This series is largely inspired by my need to make periodic disclaimers. For all my often apparently unequivocal pronouncements regarding the character of Zhuangzi’s Daoism, I wish to make clear that I do not believe I or anyone else can be sure of what we speak. This, I believe, is precisely how Zhuangzi would have had it. (Here I go again.) This is his whole point. Depend on nothing. Release into not-knowing. Live life as it manifests in you, not as you might otherwise wish it to be. Add nothing to the process of life. Don’t flee from the actual experience of being human, but rather make creative use of it. Let your inherent adriftedness be an occasion for your wandering, rather than for clinging to chimeric moorings.

Do this. Or don’t. It doesn’t matter all that much. All is well in any case. Isn’t it? It is or it isn’t. But from the cosmic perspective it is whether it is or it is not. Isn’t it?

Every presentation of Daoism, at least of the philosophic variety, is a new philosophical Daoism. There is no such thing as a fixed definition and experience of Daoism. Why would we wish it to be otherwise? Why would we wish to follow rather than to lead? Because, unless we are self-deceived, we know we can only lead ourselves, and that is a lonely experience. Why would we wish to believe in the already-fixed rather than to create anew? Because, unless we are delusional, we know that whatever we create is as ridiculously tenuous as we know ourselves to be. It’s so much easier and more comforting to abrogate responsibility to external authorities which somehow escape the scrutiny of doubt.

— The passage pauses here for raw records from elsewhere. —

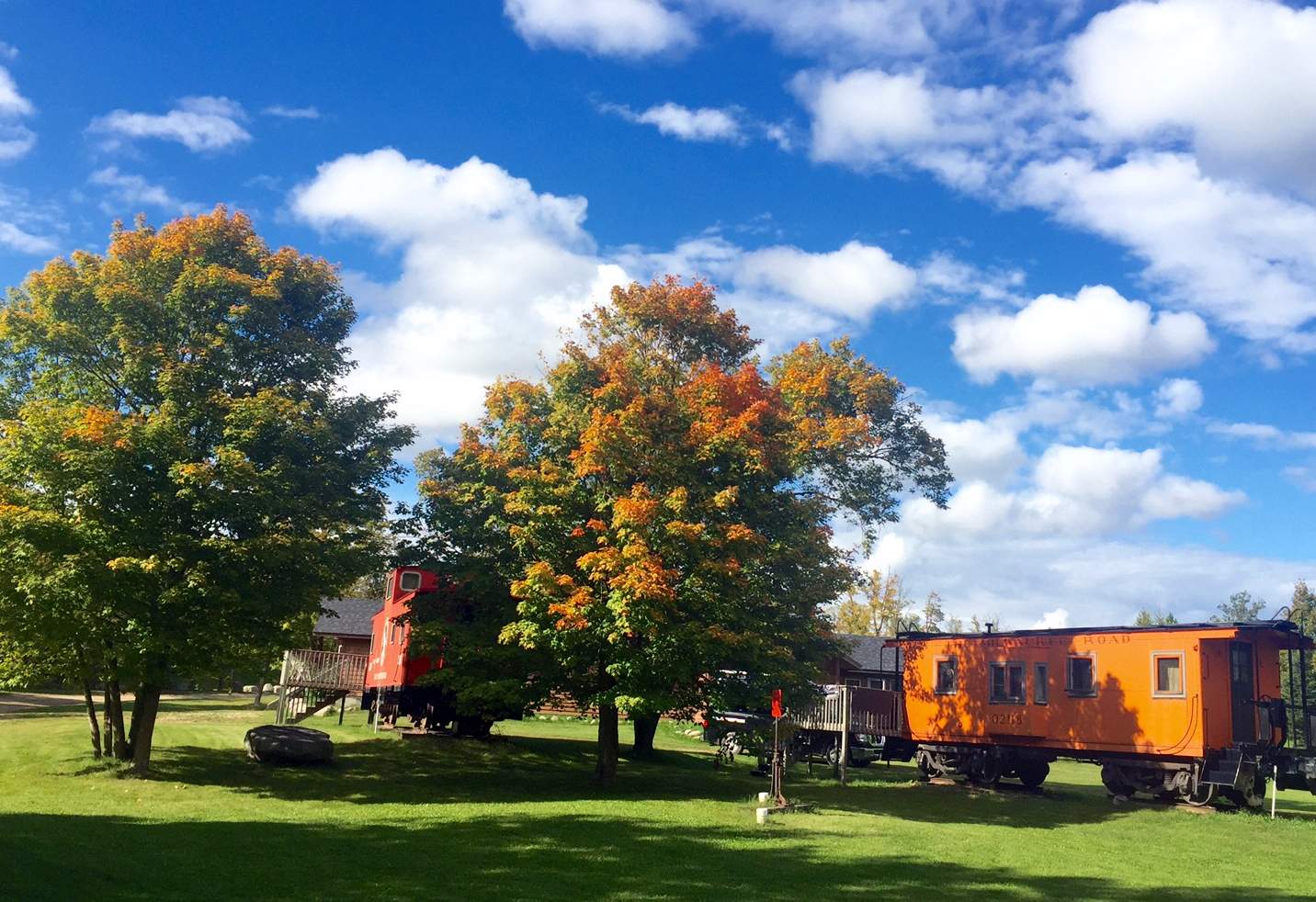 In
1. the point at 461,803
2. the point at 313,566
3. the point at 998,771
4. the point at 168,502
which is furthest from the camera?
the point at 998,771

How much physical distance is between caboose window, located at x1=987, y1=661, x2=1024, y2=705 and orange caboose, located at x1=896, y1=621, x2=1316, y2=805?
0.09 feet

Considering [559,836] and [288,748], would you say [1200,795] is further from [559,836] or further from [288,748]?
[288,748]

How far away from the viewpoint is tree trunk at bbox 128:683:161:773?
81.1 feet

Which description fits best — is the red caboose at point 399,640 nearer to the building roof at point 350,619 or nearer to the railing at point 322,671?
the railing at point 322,671

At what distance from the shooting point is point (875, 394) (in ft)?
117

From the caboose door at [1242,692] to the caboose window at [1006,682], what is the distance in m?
5.36

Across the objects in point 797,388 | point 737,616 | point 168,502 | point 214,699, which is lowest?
point 214,699

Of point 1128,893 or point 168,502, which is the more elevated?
point 168,502

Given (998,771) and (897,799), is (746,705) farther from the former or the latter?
(998,771)

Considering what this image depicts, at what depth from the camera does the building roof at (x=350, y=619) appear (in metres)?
52.5

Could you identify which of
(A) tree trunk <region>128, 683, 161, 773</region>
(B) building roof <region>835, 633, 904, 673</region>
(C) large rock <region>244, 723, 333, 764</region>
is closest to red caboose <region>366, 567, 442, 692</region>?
(C) large rock <region>244, 723, 333, 764</region>

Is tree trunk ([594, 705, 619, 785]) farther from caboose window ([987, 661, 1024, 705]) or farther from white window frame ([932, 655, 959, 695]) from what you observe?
caboose window ([987, 661, 1024, 705])

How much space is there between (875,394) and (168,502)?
898 inches

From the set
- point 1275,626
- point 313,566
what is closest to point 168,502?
point 313,566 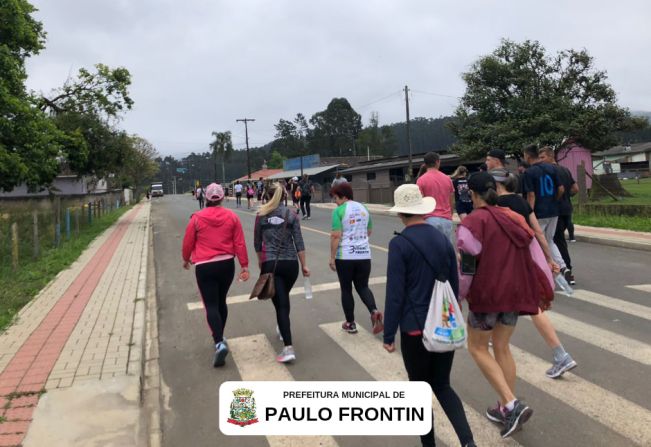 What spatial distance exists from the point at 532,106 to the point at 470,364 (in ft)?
64.1

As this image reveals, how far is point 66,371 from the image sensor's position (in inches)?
184

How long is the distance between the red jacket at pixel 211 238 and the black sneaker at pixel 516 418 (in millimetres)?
2824

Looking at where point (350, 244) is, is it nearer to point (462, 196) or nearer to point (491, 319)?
point (491, 319)

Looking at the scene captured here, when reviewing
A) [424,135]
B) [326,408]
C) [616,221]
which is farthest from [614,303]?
[424,135]

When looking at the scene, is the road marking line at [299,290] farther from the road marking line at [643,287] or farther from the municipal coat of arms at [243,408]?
the municipal coat of arms at [243,408]

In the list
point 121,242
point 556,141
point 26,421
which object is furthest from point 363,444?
point 556,141

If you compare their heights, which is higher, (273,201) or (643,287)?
(273,201)

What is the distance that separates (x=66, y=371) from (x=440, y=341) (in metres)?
3.77

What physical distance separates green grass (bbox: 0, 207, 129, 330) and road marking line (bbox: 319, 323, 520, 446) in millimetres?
4461

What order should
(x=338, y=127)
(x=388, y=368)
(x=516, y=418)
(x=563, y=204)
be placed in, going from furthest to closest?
1. (x=338, y=127)
2. (x=563, y=204)
3. (x=388, y=368)
4. (x=516, y=418)

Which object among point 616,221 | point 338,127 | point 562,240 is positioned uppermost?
point 338,127

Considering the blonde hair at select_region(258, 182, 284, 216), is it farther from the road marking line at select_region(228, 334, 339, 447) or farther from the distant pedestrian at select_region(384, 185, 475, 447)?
the distant pedestrian at select_region(384, 185, 475, 447)

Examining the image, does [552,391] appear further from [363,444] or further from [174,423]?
[174,423]

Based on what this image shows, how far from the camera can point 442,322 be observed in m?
2.73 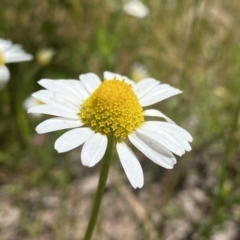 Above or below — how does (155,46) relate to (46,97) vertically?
above

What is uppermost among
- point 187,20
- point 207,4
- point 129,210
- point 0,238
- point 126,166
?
point 187,20

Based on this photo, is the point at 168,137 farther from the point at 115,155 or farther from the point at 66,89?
the point at 115,155

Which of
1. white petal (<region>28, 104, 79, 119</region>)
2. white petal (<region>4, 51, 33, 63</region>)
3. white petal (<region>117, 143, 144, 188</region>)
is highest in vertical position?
white petal (<region>4, 51, 33, 63</region>)

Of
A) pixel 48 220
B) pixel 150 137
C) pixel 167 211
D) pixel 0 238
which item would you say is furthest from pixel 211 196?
pixel 150 137

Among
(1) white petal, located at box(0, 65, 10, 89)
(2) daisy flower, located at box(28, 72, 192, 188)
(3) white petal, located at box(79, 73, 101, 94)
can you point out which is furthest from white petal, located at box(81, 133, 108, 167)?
(1) white petal, located at box(0, 65, 10, 89)

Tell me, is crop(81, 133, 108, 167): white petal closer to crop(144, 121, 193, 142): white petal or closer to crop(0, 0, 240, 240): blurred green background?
crop(144, 121, 193, 142): white petal

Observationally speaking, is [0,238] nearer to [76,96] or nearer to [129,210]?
[129,210]

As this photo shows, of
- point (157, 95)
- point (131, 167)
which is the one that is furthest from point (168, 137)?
point (157, 95)

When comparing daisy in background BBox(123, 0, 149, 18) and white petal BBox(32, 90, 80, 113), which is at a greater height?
daisy in background BBox(123, 0, 149, 18) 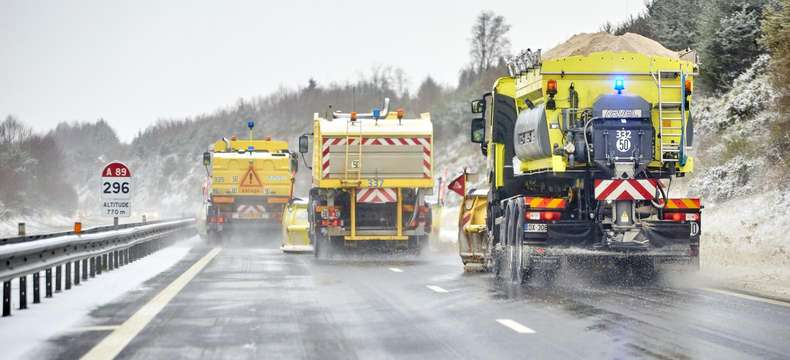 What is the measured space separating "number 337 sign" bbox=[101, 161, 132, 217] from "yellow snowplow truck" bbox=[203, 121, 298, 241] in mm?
12707

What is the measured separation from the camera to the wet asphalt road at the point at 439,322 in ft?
33.3

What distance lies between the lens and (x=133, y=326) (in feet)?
39.9

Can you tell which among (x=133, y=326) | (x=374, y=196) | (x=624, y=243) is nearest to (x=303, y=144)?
(x=374, y=196)

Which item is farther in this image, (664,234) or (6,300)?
(664,234)

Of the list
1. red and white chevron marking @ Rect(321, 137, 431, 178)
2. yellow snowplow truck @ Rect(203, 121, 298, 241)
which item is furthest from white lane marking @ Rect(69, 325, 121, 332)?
yellow snowplow truck @ Rect(203, 121, 298, 241)

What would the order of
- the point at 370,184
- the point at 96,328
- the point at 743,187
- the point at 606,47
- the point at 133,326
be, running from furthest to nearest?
the point at 743,187, the point at 370,184, the point at 606,47, the point at 133,326, the point at 96,328

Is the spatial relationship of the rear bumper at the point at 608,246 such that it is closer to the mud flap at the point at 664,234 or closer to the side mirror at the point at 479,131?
the mud flap at the point at 664,234

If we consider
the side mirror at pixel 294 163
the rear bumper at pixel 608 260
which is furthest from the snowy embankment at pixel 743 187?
the side mirror at pixel 294 163

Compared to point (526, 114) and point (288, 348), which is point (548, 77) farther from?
point (288, 348)

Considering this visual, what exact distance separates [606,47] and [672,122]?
1.53 metres

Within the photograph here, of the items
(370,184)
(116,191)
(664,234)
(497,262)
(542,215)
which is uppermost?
(370,184)

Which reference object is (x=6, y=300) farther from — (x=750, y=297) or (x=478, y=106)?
(x=478, y=106)

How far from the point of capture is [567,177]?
1808 cm

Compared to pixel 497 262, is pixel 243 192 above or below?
above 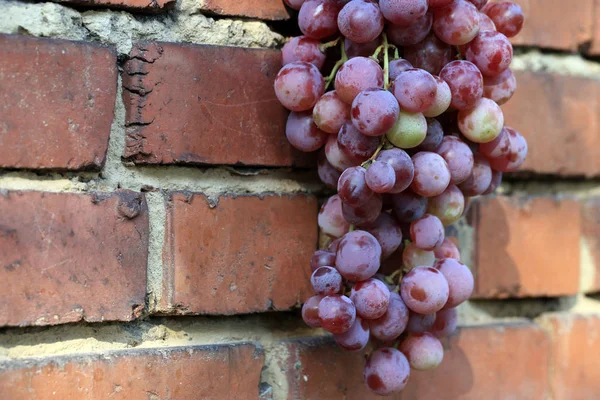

Then there is the problem of personal reality. I realize little of my own blabber. But surely the blabbering sages realized their own blabber. That’s why they’re sages, right? We can believe that what we believe is real, because we believe that it was real for someone else. This is called begging the question, placing the conclusion in the premise. Sages exist because they say they do (and sages don’t lie)—or more sagaciously, someone else says they do.

“The ancients called this, ‘fleeing from the Lord’s dangle’.” I call it fleeing from your real experience. Whether there actually are or were sages who realized their own blabber, we live more authentically when we leave the question moot.